Start of Listed entries

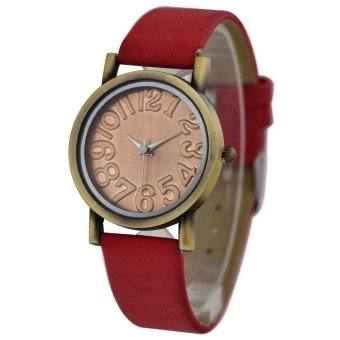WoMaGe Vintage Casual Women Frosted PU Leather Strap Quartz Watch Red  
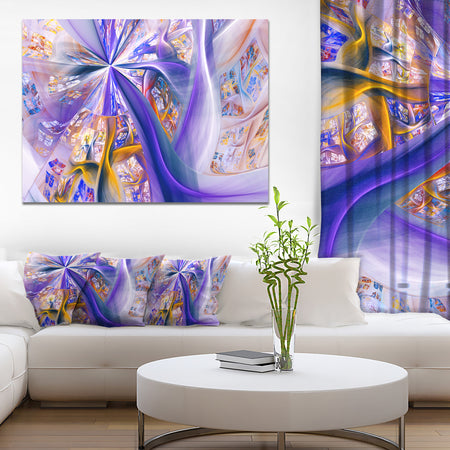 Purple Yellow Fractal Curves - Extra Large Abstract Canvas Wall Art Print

End of Listed entries
Start of Listed entries

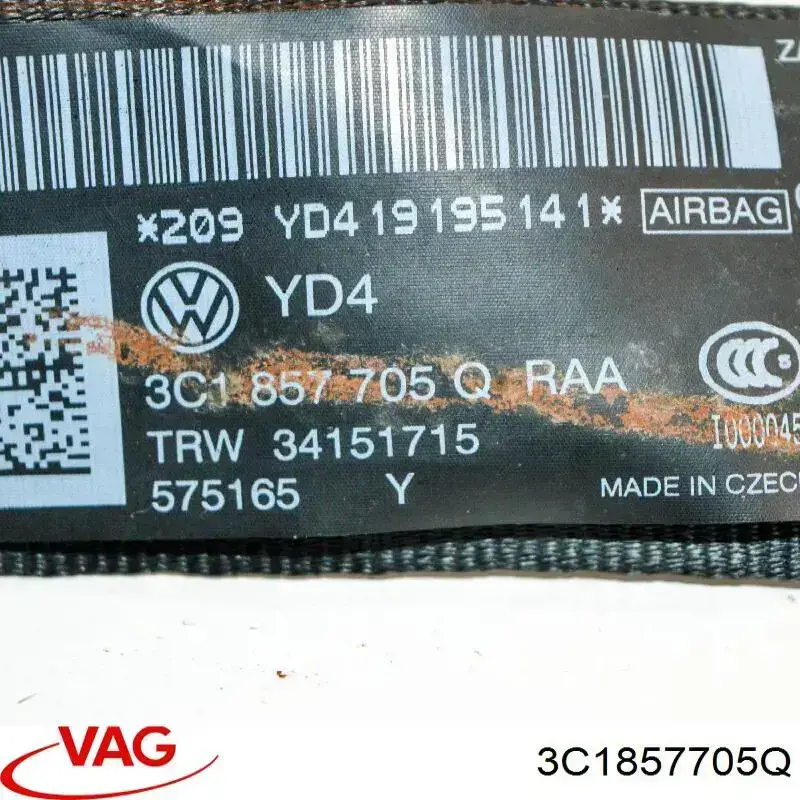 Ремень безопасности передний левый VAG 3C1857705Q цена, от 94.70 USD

End of Listed entries

Leaving pictures out, output the lines of the data above from the one with "WoMaGe Vintage Casual" through the one with "Purple Yellow Fractal", word for word.

Task solution:
WoMaGe Vintage Casual Women Frosted PU Leather Strap Quartz Watch Red  
 Purple Yellow Fractal Curves - Extra Large Abstract Canvas Wall Art Print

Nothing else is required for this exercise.